Lyrically written 'Red Rover' a compelling read
Fictional tale loosely based on death of author's uncle
Deirdre McNamer's new novel is lyrical, in its structure as well as in its sentences. The plot rolls through time, with decades receding and returning like the tide.
McNamer begins with two young brothers riding their horses through the Sweet Grass Hills of Montana in 1927. The next chapter finds one of the brothers in peril during the Second World War. A few chapters later, it is 2003. Then its 1927 again.
As readers, we come to care about a dozen different characters. We see them through each other's eyes, see them in their old age, then as their younger selves on the day Charles Lindbergh flew over their tiny town. The title, "Red Rover," refers to the children's game, where you run full tilt and maybe you break through and maybe you don't. Maybe you hit hard against your neighbors' interlocked arms and you don't go anywhere at all.
The book succeeds by telling a compellingly clear story, allowing us to hear a variety of voices while at the same time hinting at the sad and hidden parts of all those lives.
McNamer actually began "Red Rover" thinking it would be a biography, a factual exploration of her own family's sadness. Her uncle, who had been an FBI agent, died mysteriously in 1946.
She began her research seven years ago. (Back in the days when Americans could still view their government's records, she notes.) She used the Freedom of Information Act to get access to the FBI's investigation of her uncle's death and she learned the official investigation was inconclusive.
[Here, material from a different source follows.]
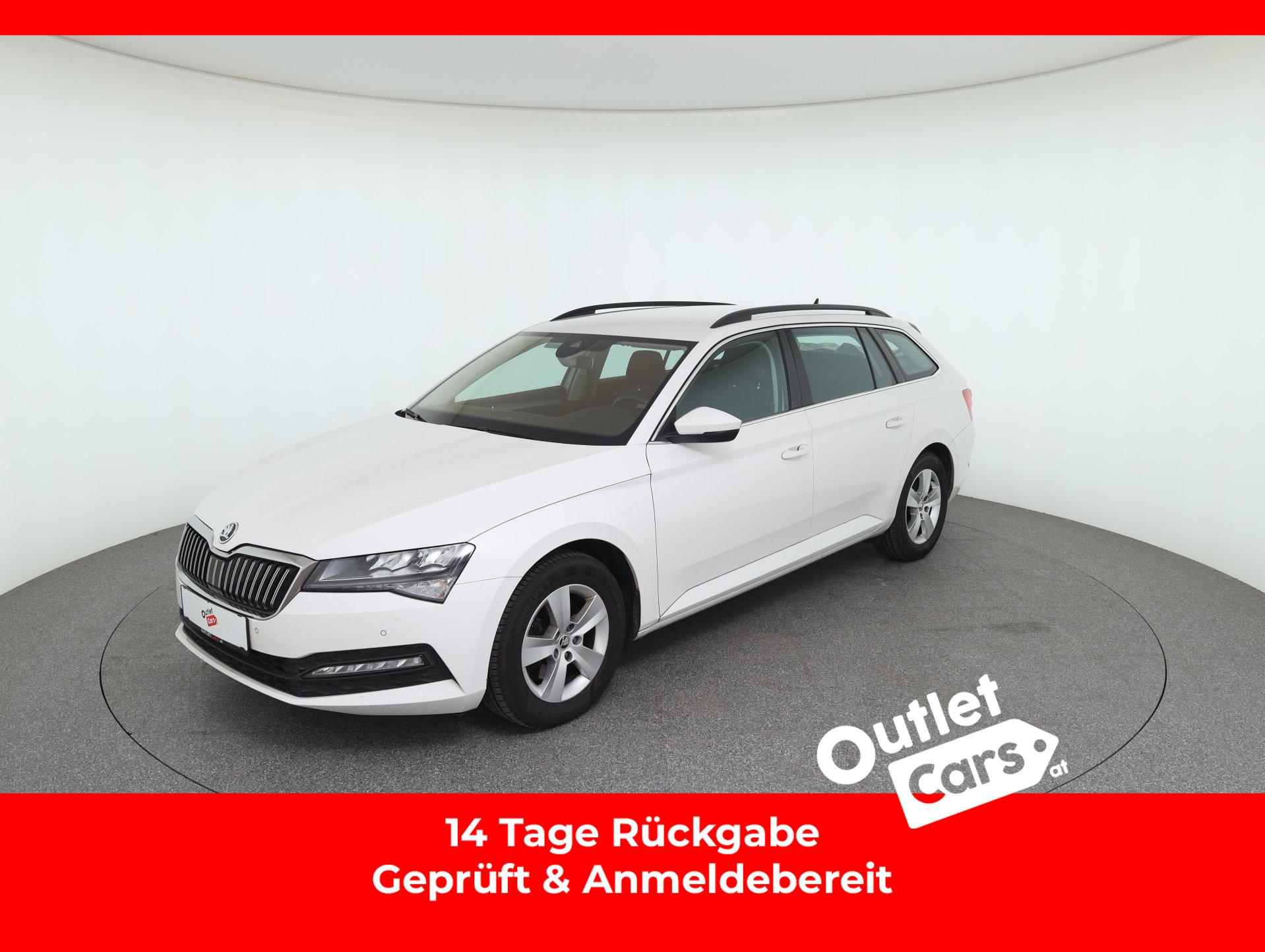 Bild eines Skoda Superb Combi 2.0 TDI Ambition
McNamer realized she would never know if the FBI had more information. She would never know why the coroner told the newspaper one story but wrote something different on the death certificate. The coroner was dead by the time McNamer started asking questions.
So her book began as a search for the truth and ended up being almost entirely fiction.
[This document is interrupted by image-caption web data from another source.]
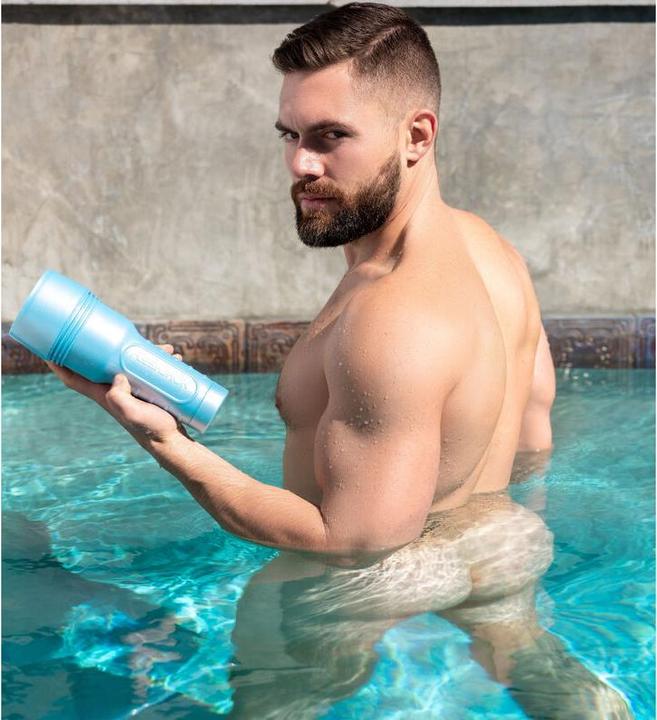 Actual product image Fleshlight Fleshjack Boys - Griffin Barrows Cake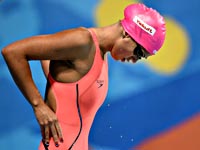 Легендарная российская пловчиха эффектно поздравила подписчиков с Днем святого Валентина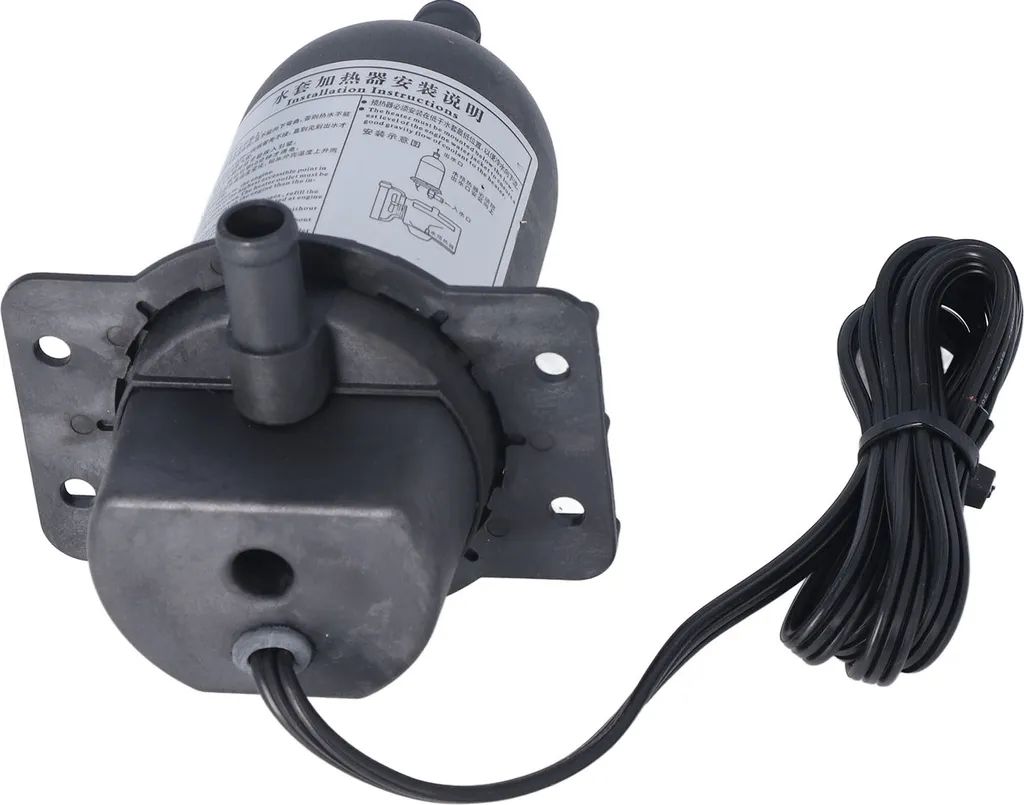 Réchauffeur de liquide de refroidissement 500W pour générateur 120V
McNamer came through Salt Lake City earlier this week on a book tour. At the King's English Bookstore, she took questions after her reading and kept on answering them as she signed books.
Several readers wanted to know how a fictional resolution to his brother's death affected her father. McNamer said, "It did matter some."
In order for fiction to succeed, she explained, it must amplify. A good novel makes life more complex. As she wrote, a small sliver of her family's truth became a frame for her to use, something on which she could hang all the other stories.
In reality her uncle's death was not resolved but she hopes her fiction amplifies his life.